This week we have another of Wine Spectator's Top 100 wines, this time an Argentinian red, as well as a classy Alsace Riesling and an old favourite from the Barossa Valley.

Bodega Catena Zapata Malbec 2009

Following on from last month's article referencing the Malbec-Shiraz beauty contest, I've been keen to seek out some of Argentina's Malbecs currently on the shelves. Malbec has long been one of my favourite grapes, although its normally been hidden behind the name Cahors, the area of south-west France that makes Malbec-based reds. Catena's 2009 offering, probably won't live as long as the Cahors reds, but it still needs a little time to open up, so decant for an hour if possible. It's a rich, plummy wine with some floral and chocolate notes, offering plenty of pleasure for the price. 

Trimbach Riesling Cuvee Frederic Emile 2004

Trimbach trace their Alsace wimemaking history back to 1626, so it's no surprise they make a decent wine or two as they approach their 400th birthday. Although seven years old now, this wine is only just starting to develop now, and will drink well for another decade or more, in fact it will probably go down OK at the 400th. Very refined and elegant, it lacks the precision of the best years, but still balances its acidity with flavours of lemon, apricot and minerality that makes every glass a pleasure.

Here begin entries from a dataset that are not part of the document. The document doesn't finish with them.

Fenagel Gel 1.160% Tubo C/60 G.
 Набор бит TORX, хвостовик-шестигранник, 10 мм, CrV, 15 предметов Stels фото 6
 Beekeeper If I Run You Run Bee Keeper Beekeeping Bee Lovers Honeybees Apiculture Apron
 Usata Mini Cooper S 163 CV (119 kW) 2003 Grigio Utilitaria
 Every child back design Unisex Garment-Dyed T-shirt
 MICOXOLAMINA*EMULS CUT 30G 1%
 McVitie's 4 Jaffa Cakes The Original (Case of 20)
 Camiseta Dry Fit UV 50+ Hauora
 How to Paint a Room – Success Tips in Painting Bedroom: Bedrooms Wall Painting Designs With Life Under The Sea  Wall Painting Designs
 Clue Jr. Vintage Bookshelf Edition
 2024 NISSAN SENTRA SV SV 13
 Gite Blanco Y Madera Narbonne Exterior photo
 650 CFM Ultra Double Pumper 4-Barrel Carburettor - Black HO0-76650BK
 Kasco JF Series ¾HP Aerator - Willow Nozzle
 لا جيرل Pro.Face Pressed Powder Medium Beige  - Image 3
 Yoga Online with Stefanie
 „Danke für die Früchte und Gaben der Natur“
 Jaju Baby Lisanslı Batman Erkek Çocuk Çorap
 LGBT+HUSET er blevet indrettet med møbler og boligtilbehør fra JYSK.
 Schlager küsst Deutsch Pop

Greenock Creek Cabernet Sauvignon 1997

Many years ago in Tokyo I hosted the Australian side in a blind-tasting wine challenge against the best of the USA. It was a fairly high budget affair, and I wasn't worried on the Shiraz front with Penfolds Grange 1998 against an overmatched Californian Syrah. However, it left little in the budget to go up against a mighty Napa Cabernet - the Shafer Hillside Select 1997. As you might have guessed, the Greenock Creek won the night - and perhaps neither wine is truly representative Cabernet, but both were beautiful wines. Nearly 10 years on, the Hillside Select is apparently getting better with age, and I'm pleased to say the Greenock Creek is still holding its own, and will for some time to come. They also make an ultra-premium Cabernet (and Shiraz) cuvee called 'Roennfeldt Road'. All wines are made in small/tiny quantities, but are definitely worth a look if you come across one.